As Reuters legal editor Alison Frankel wrote in a recent column on H.R. 985, “If Congress adopts Goodlatte’s bill in anything like its current form, class actions and [multidistrict litigations] will be a shadow of what we know today.”

The main beneficiaries of the bill, Robert Stern, a partner at the multinational Orrick law firm, told the Wall Street Journal, will be large companies. It has the backing of the U.S. Chamber of Commerce.

“Most companies will view this as a very good thing,” Stern said in an interview with the Journal. “The typical issuer, publicly-traded manufacturers of consumer goods or financial services companies, will welcome this.”

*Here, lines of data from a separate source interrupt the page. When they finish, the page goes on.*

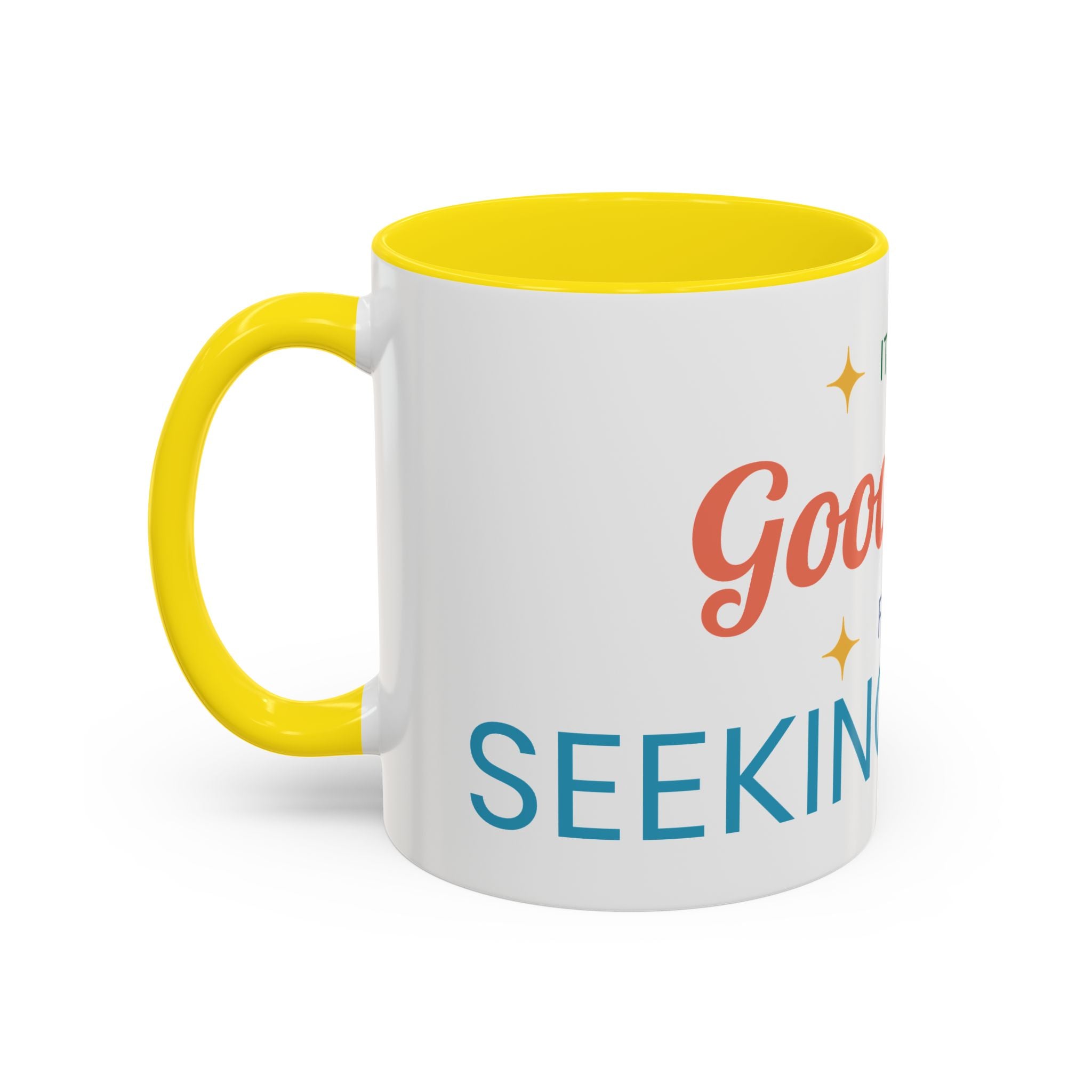 It's a Good Day for Seeking Peace Coffee Mug — Inspirational Accent Mug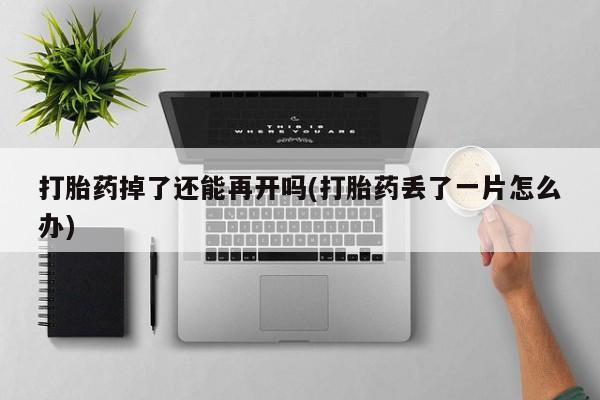 在哪里买流产药包邮打胎药掉了还能再开吗(打胎药丢了一片怎么办)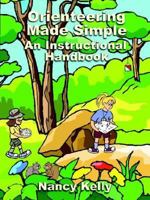 Orienteering Made Simple An Instructional Handbook 1414008929 Book Cover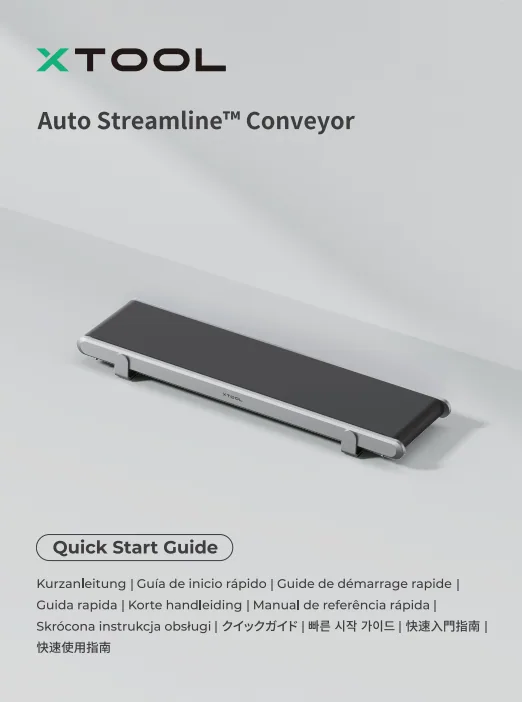 Guía de usuario de la cinta transportadora xTool Auto Streamline™ Guía de usuario de la cinta transportadora xTool Auto Streamline™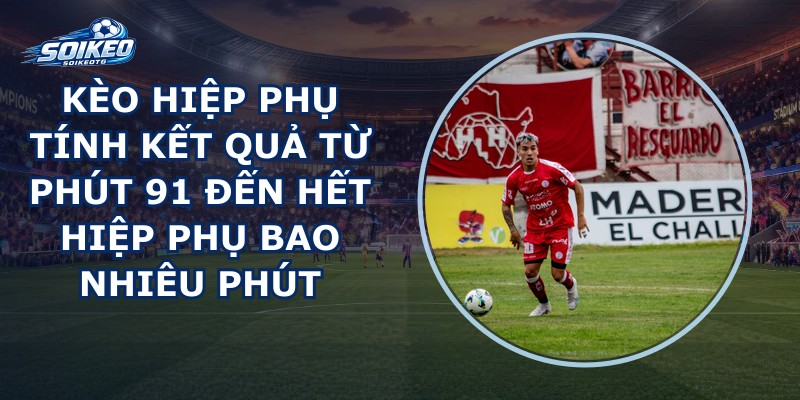 Kèo Hiệp Phụ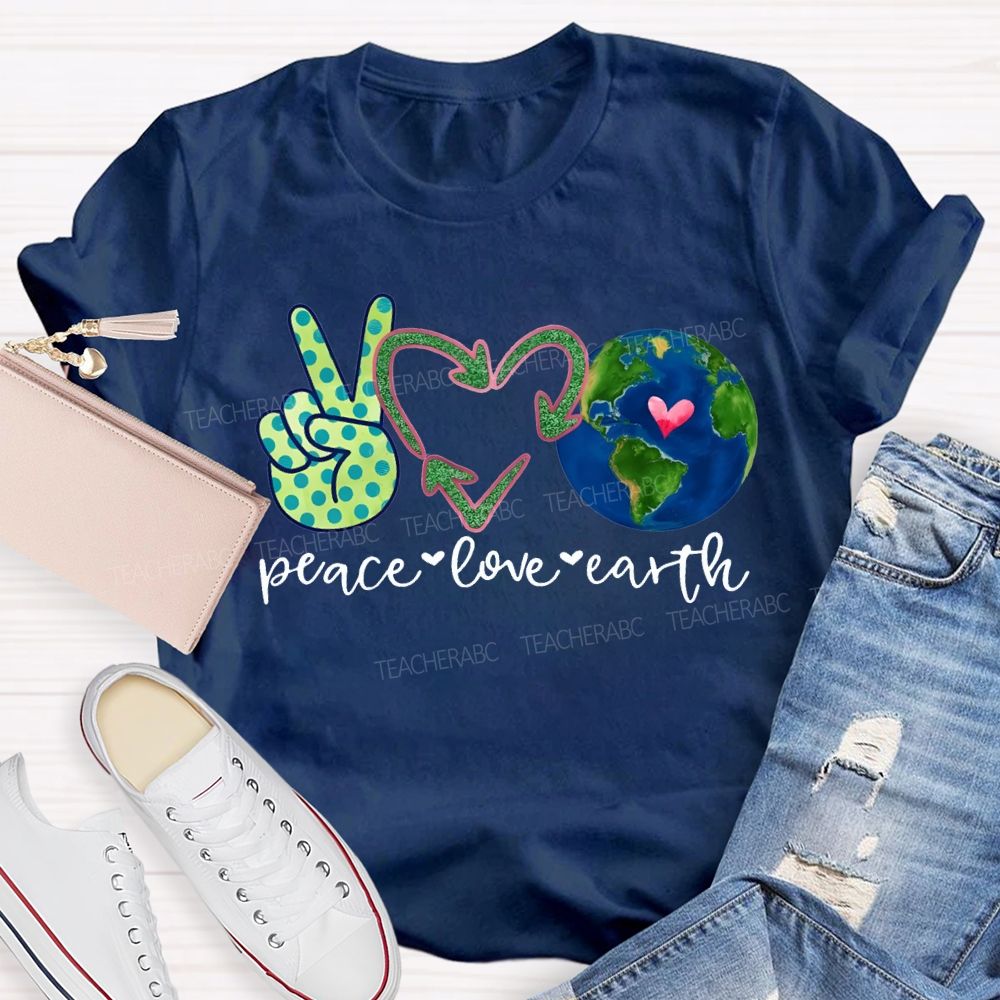 Peace Love Earth Heart Earth Day Teacher T-shirt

Despite its limits on Americans’ abilities to file class-actions—such as the April 2016 suit by Uber drivers against the ride-sharing company seeking classification as employees, or the suit by Volkswagen drivers against the automaker for its use of marketing fraud in February of the same year—the bill does have some upsides.

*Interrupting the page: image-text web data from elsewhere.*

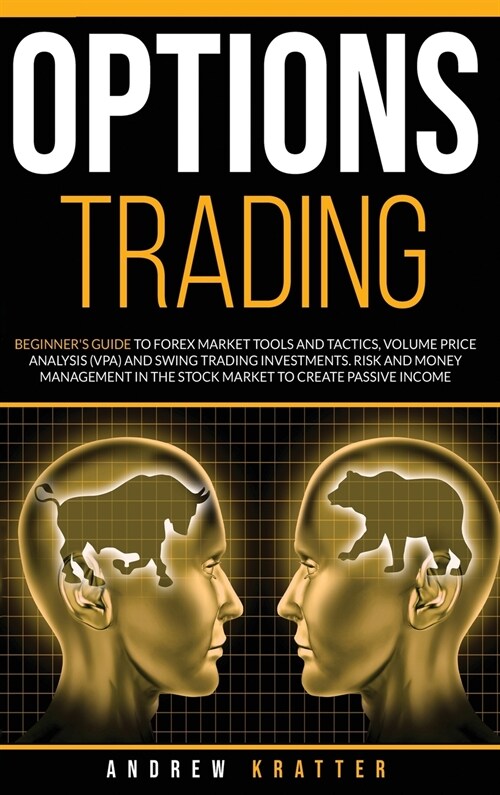 Options Trading: Beginners Guide to Forex Market Tools and Tactics, Volume Price Analysis (VPA) and Swing Trading Investments. Risk an (Hardcover)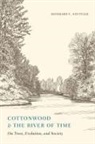 Reinhard F Stettler, Reinhard F. Stettler - Cottonwood and the River of Time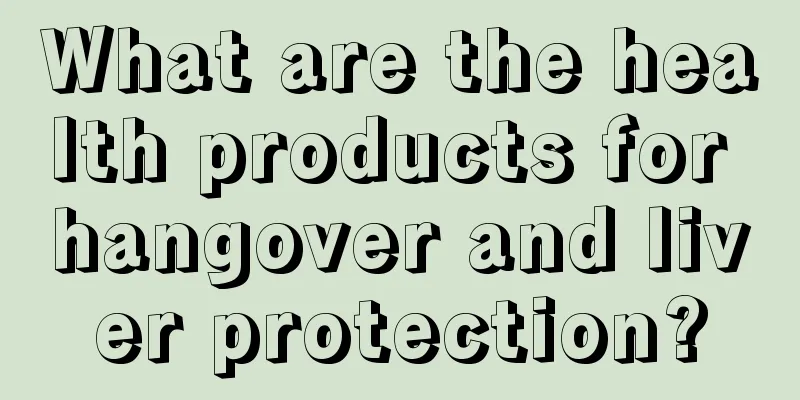 What are the health products for hangover and liver protection?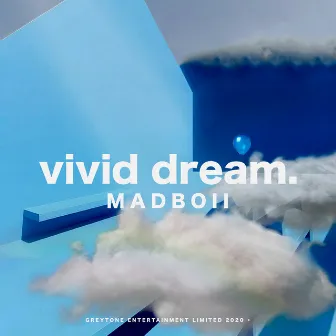 Vivid Dream by MADBOII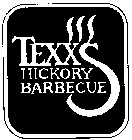 TEXX'S HICKORY BARBECUE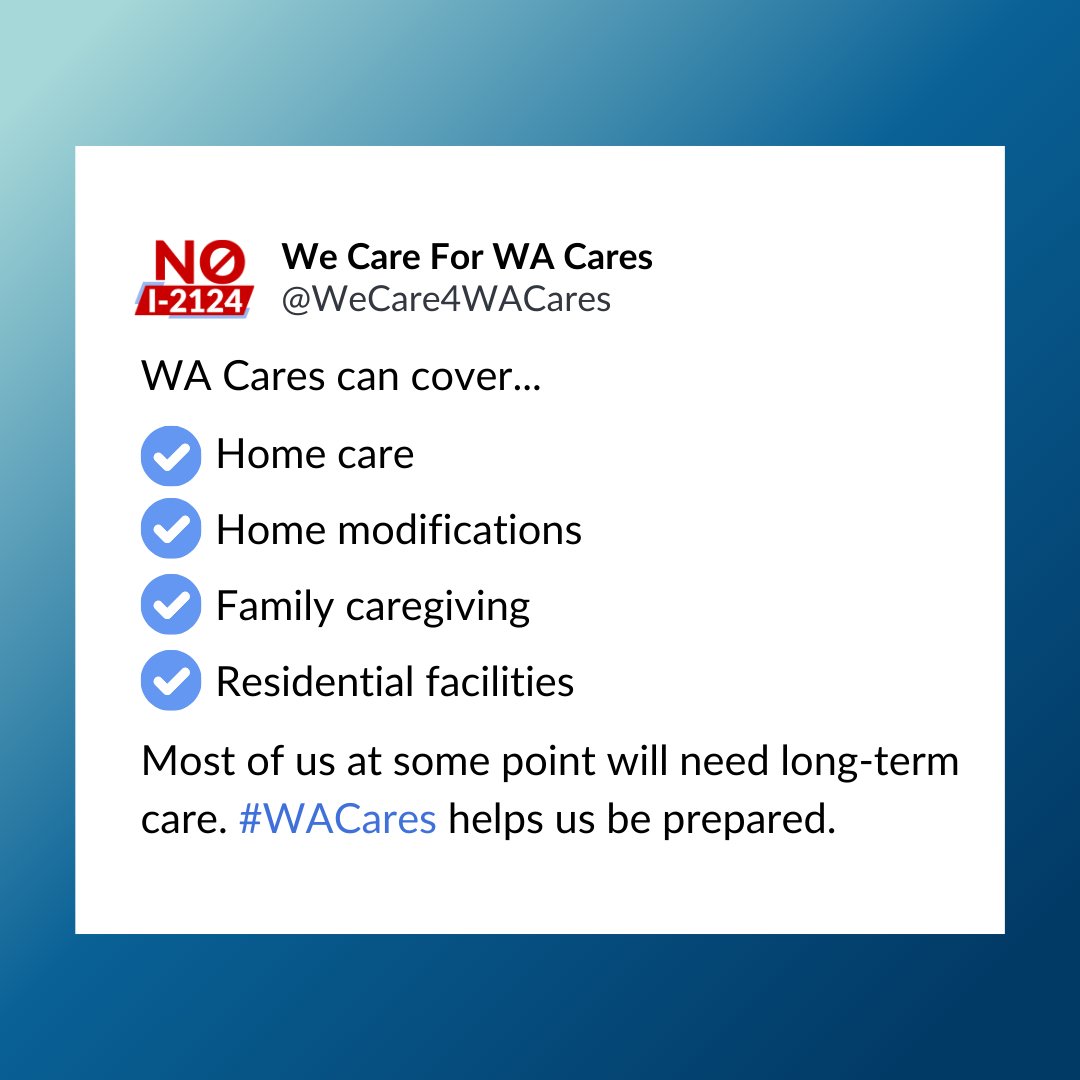 When the day comes that you need long-term care, WA Cares will be there for you.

Federal courts, for example, wouldn’t be able to certify class actions in which the plaintiffs are related to or have ever been employed by the lawyer presiding over the case. H.R. 985 also would reduce the case load on federal courts by requiring them to only grant certification if there is no other “reliable and administratively feasible” way for “a substantial majority” of the plaintiffs to win money for the issue at the root of the lawsuit. It would limit attorneys’ fees to “a reasonable percentage” of the fine paid to plaintiffs and would require counselors to submit their payment amounts to the federal court system and the information of any third party also receiving payment from the suit.

The 2017 bill is one of several iterations attempting to reform class-action litigation and with a Republican-dominated House, Senate and White House, Stern told the Journal, it’s likely to pass.